The study, “Surface, Aerosol and Meteorological Controls on Arctic Boundary Layer Clouds: Observations and Simulations from MOSAiC and COMBLE,” will take a deeper dive into cloud data collected from the polar research ship Polarstern for the Multidisciplinary Drifting Observatory for the Study of Arctic Climate. Data collected from two locations in Norway, Bear Island and Andenes, during the research study, “Cold-Air Outbreaks in the Marine Boundary Layer Experiment,” or COMBLE, will also be examined. These two meteorological campaigns have collected some of the most extensive datasets to date for testing hypotheses on the role of clouds in the Arctic system. 

Dzambo said this new study will contribute valuable knowledge toward improved representation of clouds in numerous Earth system models. 

“We hope to leverage a state-of-the-art model that is important in understanding cloud evolution, particularly when liquid and ice crystals interact to form clouds. Meteorological controls, aerosol influences and atmospheric boundary layers play a role in how all clouds are formed and how that impacts our climate and weather systems,” Dzambo said. 

Greg McFarquhar, Ph.D., CIWRO director and professor in the OU School of Meteorology, said interactions between clouds and aerosols, or tiny particles that contribute to cloud formation, can provide clues to the amount of surface warming that occurs, which can be compared to the effects of greenhouse gases. 
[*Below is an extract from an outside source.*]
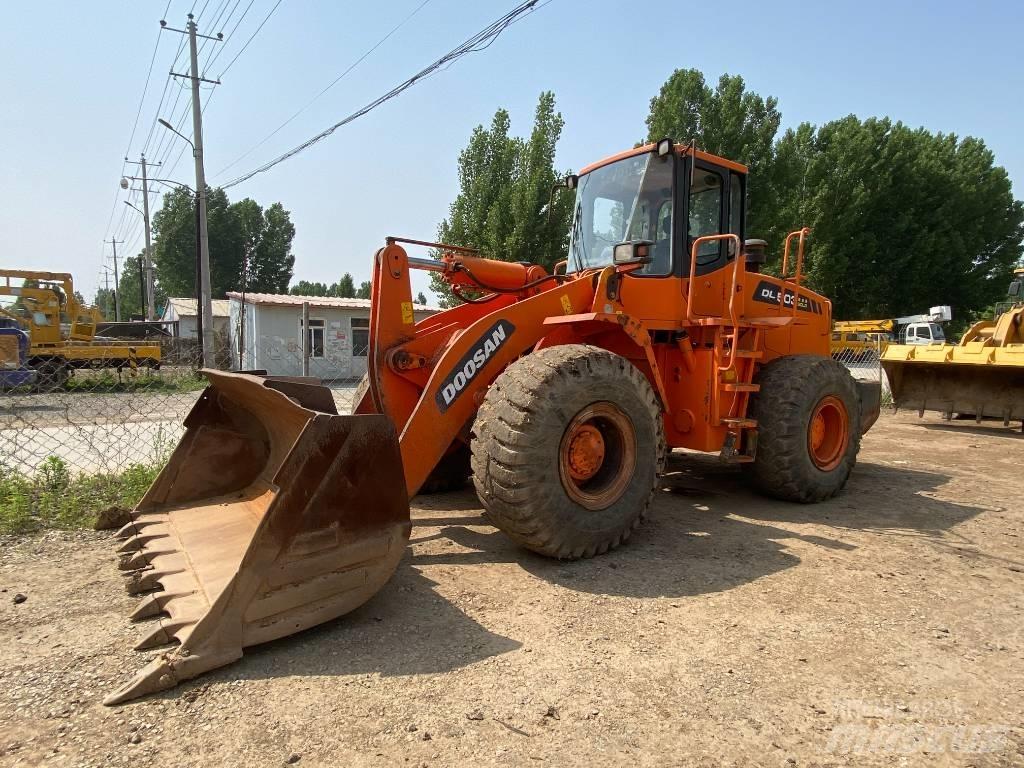 Doosan DL503 Grävlastare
“The most fundamental and complex problems in climate and weather research today are our poor understanding of the basic properties of clouds and our inability to determine quantitatively the many effects cloud processes have on weather and climate,” said McFarquhar, the co-principal investigator on the project. 

“The planned work continues the fundamental research on how clouds in polar regions evolve depending on surface, meteorological and aerosol conditions,” he added. “The understanding that we gain from this Arctic study will complement studies we are just finishing that have examined the properties of clouds over the Southern Ocean and their representation in Earth system models.”  

Researchers from the National Center for Atmospheric Research will partner as co-investigators on the study. Researchers from the University of Colorado, Washington University in St. Louis and University of Hyogo in Japan will serve as collaborators. 

Dzambo and McFarquhar also recently participated in an extensive cloud study, the Experiment of Sea Breeze Convection, Aerosols, Precipitation and Environment, or ESCAPE campaign. The Houston field study investigated the influences of meteorology, dynamics, mixing and aerosols on the structure and evolution of convective cells. Funded by the National Science Foundation, the campaign involved collaboration with more than 10 universities and government agencies.